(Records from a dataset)
┄┄┄┄┄┄┄┄┄┄
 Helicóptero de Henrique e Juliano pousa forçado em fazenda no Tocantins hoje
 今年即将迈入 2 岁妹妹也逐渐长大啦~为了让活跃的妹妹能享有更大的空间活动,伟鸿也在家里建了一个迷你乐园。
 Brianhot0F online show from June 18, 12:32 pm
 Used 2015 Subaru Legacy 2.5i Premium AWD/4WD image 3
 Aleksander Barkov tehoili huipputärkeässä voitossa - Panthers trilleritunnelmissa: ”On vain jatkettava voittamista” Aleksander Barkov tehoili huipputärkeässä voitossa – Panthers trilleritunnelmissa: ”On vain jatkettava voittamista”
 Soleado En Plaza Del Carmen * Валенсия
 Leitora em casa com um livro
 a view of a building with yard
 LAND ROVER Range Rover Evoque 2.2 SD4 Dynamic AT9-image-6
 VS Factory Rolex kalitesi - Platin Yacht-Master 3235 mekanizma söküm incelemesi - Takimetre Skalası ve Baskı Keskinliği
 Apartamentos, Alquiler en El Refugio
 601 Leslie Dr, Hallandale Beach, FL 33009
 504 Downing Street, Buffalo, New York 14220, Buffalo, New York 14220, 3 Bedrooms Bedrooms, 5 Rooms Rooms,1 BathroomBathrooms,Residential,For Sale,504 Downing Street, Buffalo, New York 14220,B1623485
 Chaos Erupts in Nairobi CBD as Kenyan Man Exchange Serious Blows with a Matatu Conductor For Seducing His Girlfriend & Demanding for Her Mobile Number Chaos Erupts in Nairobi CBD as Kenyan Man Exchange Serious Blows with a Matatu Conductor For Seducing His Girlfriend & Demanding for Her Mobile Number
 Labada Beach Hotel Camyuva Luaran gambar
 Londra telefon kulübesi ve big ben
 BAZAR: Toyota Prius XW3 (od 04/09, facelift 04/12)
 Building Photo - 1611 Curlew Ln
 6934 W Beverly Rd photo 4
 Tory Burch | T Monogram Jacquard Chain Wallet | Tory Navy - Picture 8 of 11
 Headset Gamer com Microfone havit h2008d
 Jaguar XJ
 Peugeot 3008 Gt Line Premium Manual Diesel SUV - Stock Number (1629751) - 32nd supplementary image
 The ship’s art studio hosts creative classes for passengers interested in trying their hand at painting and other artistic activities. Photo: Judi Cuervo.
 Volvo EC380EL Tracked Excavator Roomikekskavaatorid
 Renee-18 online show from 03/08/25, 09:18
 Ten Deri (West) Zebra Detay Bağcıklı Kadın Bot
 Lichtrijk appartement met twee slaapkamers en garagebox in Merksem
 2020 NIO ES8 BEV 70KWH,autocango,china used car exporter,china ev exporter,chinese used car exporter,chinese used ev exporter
┄┄┄┄┄┄┄┄┄┄
Task instructions: What lines in the entries contain "show"? Report each one by copying it.

Task output:
 Brianhot0F online show from June 18, 12:32 pm
 Renee-18 online show from 03/08/25, 09:18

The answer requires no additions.